Es liegt in der Natur der Sache, dass zu Guttenberg - Präsidentin von "Innocence in Danger", einer Organisation gegen Missbrauch - auch Werbung für ihr Hilfswerk machen will. Das ist kein Frevel, dient es doch dem guten Zweck. Die Mutter zweier kleiner Töchter will wachrütteln.

Das Tabuthema ist seit den Missbrauchsfällen in der Kirche oder an der Odenwaldschule brandaktuell. Nebenbei poliert Frau zu Guttenberg mit der Wohltätigkeitsarbeit, die sonst Sache von First Ladys ist, weiter ihr Image auf. Die geborene Gräfin und ihr Mann gelten schon als Vorzeigepaar der deutschen Politik.

In "Schaut nicht weg!" geht es aber nicht um Politkarrieren, sondern um Popstars in Pornoklamotten und pädophile Täter aus dem Familienkreis. Die Lektüre ist bedrückend und beschämend. Von der Gefahr, dass Papa "Stehaufmännchen" mit seinem Kind spielt, ist die Rede. Das Sujet einer Ministergattin mit Perlenohrringen stellt man sich anders vor.

Das Buch ist ein Appell an die Gesellschaft und ein Ratgeber, wie Eltern erkennen können, dass ihr Kind missbraucht wurde - und wie sie helfen können. Und es warnt vor Chatrooms und sozialen Netzwerken im Internet, in denen Pädophile Kindern auflauern können.

Zu Guttenberg gibt nicht die brave Ministergattin. Sie schießt auch der Bundesregierung vor den Bug: "Die Bundesregierung ist in ihrem Bemühen, gegen Kinderpornografie im Internet anzugehen, keinen Schritt vorangekommen."

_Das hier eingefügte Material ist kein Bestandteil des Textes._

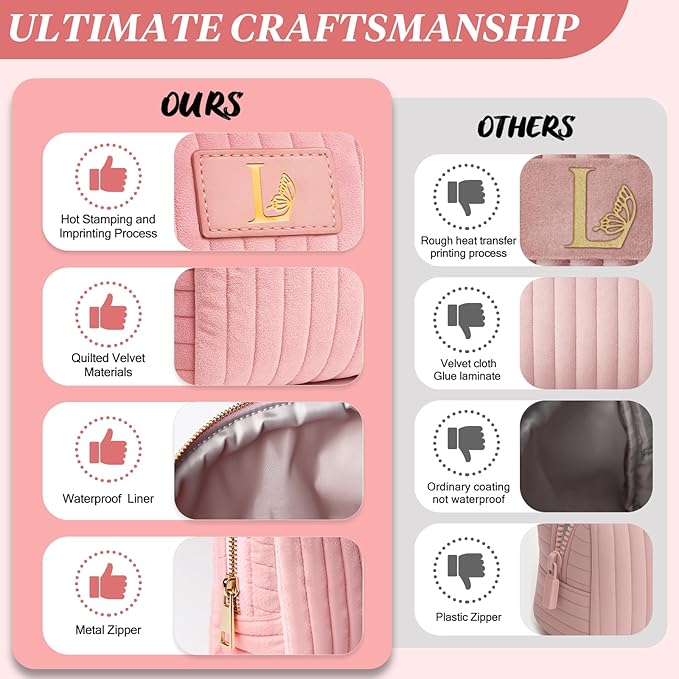 Monogrammed Make Up Bags for Women,Personalized Cosmetic Bags Women,Small Quilted Makeup Pouch,Cute Makeup Bag Travel,Birthday Gifts for Teen Girl (Pink L)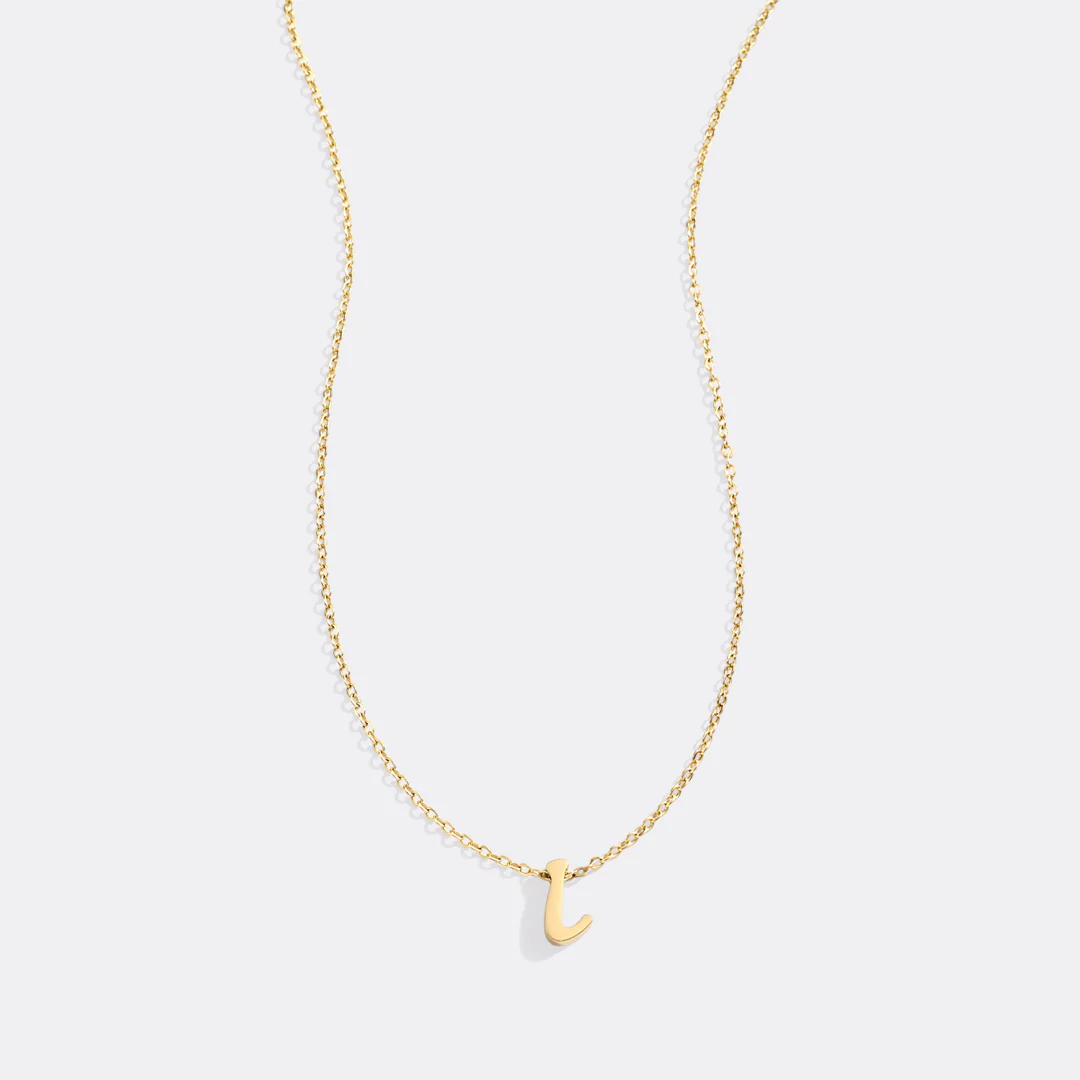 Tiny Script Initial Necklace - Image 75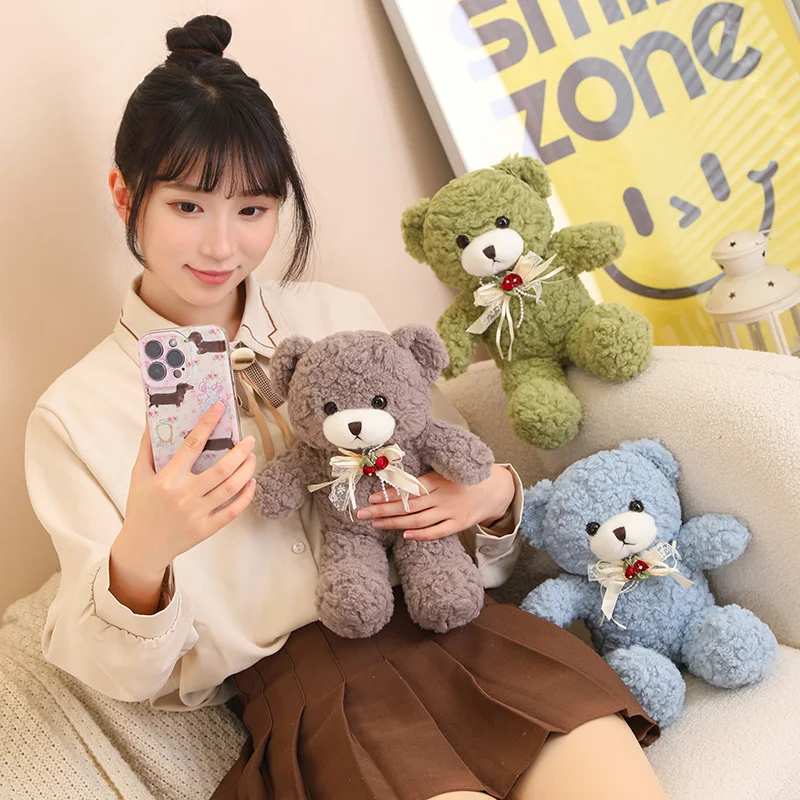 33CM Cute Bowknot Teddy Bear Plush Toy Stuffed Animal Bear Kawaii Birthday Gift for Kids Girls Boys Children Home Decor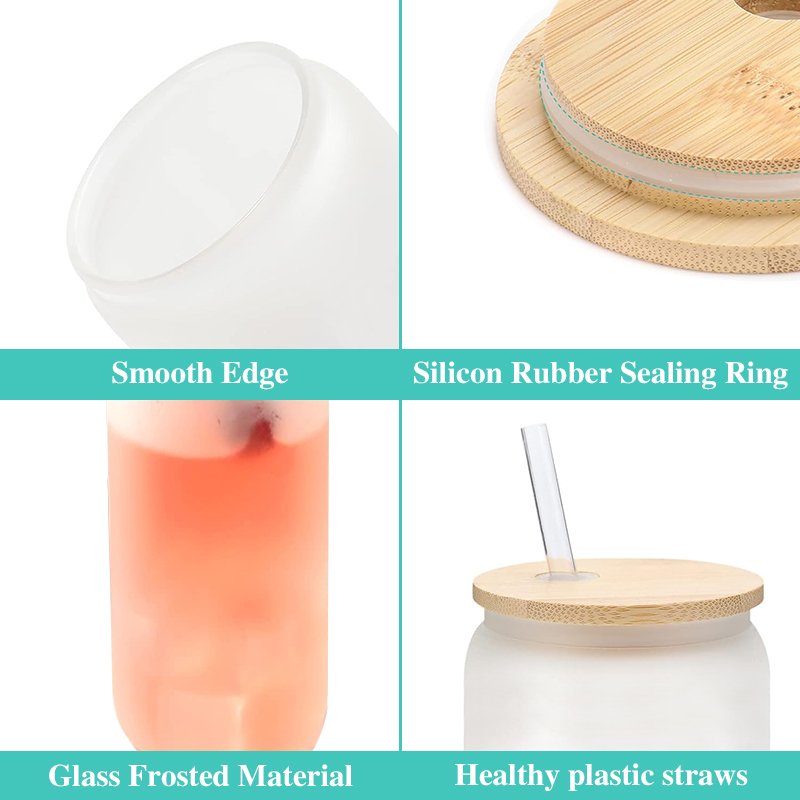 Sublimation Blanks 16oz Drinking Libbey Clear Frosted Glass Bottles Beer Can Glass Cup Tumbler with Bamboo Lid and Straw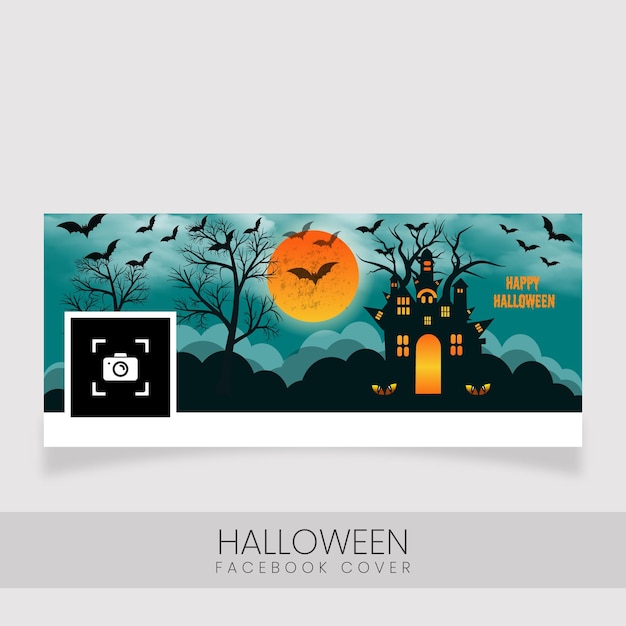 Scary happy halloween mal de ojo plantilla de portada de facebook 20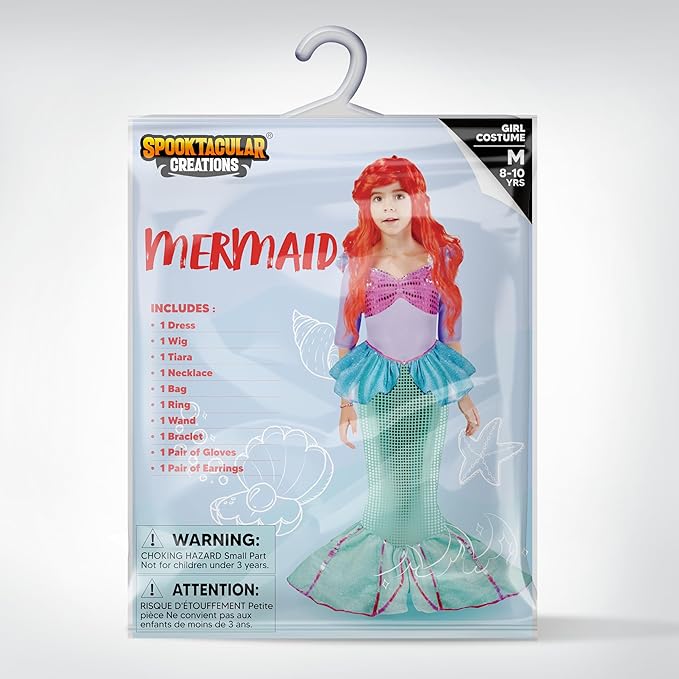 Spooktacular Creations Halloween Little Mermaid Costume for Girls, Sequin Mermaid Dress Set, Light Purple Princess Dress for Toddler Dress-Up, Cosplay Party (3T, 3-4 yrs)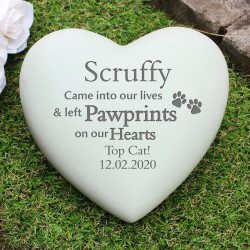 Dog Memorial Personalised Paw Prints Heart Memorial Grave Marker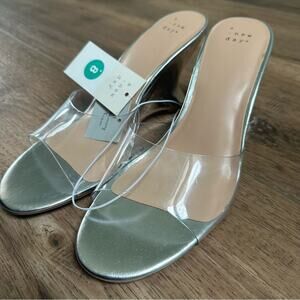 NWT!! A New Day Silver Women's Wedge Shoes, High Heels, Formal, Size 8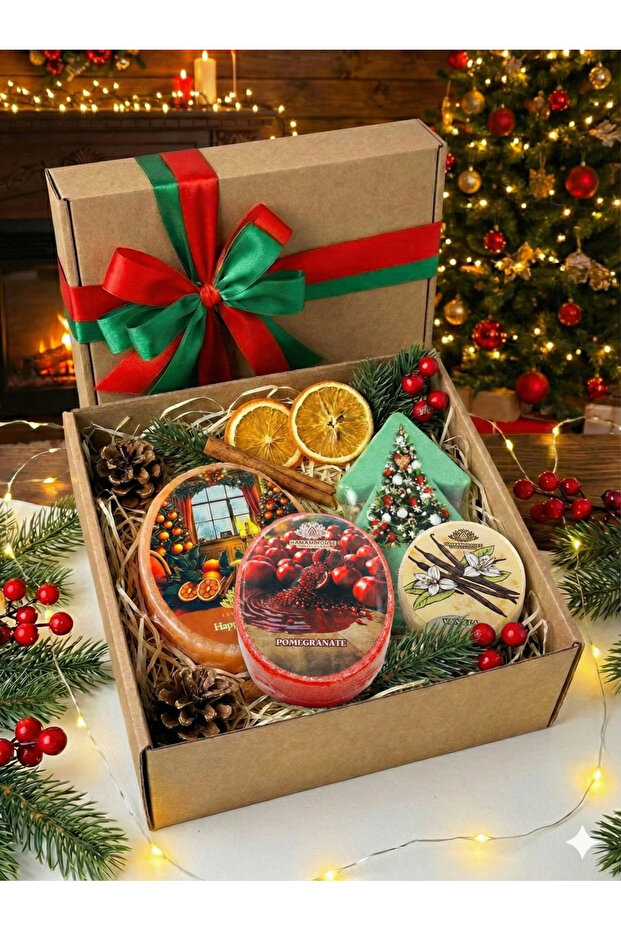 Set of 4 Gift Packages (Pine Terebentine - Orange Cinnamon - Vanilla - Pomegranate) Sponge Soap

Zündstoff birgt auch die Kritik an der katholischen Kirche. "Haben wir nicht schon immer gewusst, dass gerade die Machtstrukturen der katholischen Kirche und deren teils weltfremde Sexualmoral den sexuellen Missbrauch von Kindern und Jugendlichen durch einzelne Täter erst begünstigen?", fragt die evangelisch getaufte Autorin.

Bei manchen Lesern wird zu Guttenberg mit ihrer konservativen Einstellung zum Familienbild anecken. So schreibt sie, dass Kinder alleinerziehender Eltern eher Opfer sexueller Gewalt werden. "Heute weiß man, dass Kinder, die zu früh zu viel Trennung erleiden, weniger gut gegen sexuelle Gewalt geschützt sind."

Hin und wieder ist auch ein Einblick in den Haushalt der zu Guttenbergs erlaubt. Der Leser erfährt, dass Stephanie zu Guttenberg eine strenge Mutter ist. Einen Computer im Kinderzimmer erlaubt sie nicht. So könnten die Kleinen nicht unkontrolliert im Internet surfen.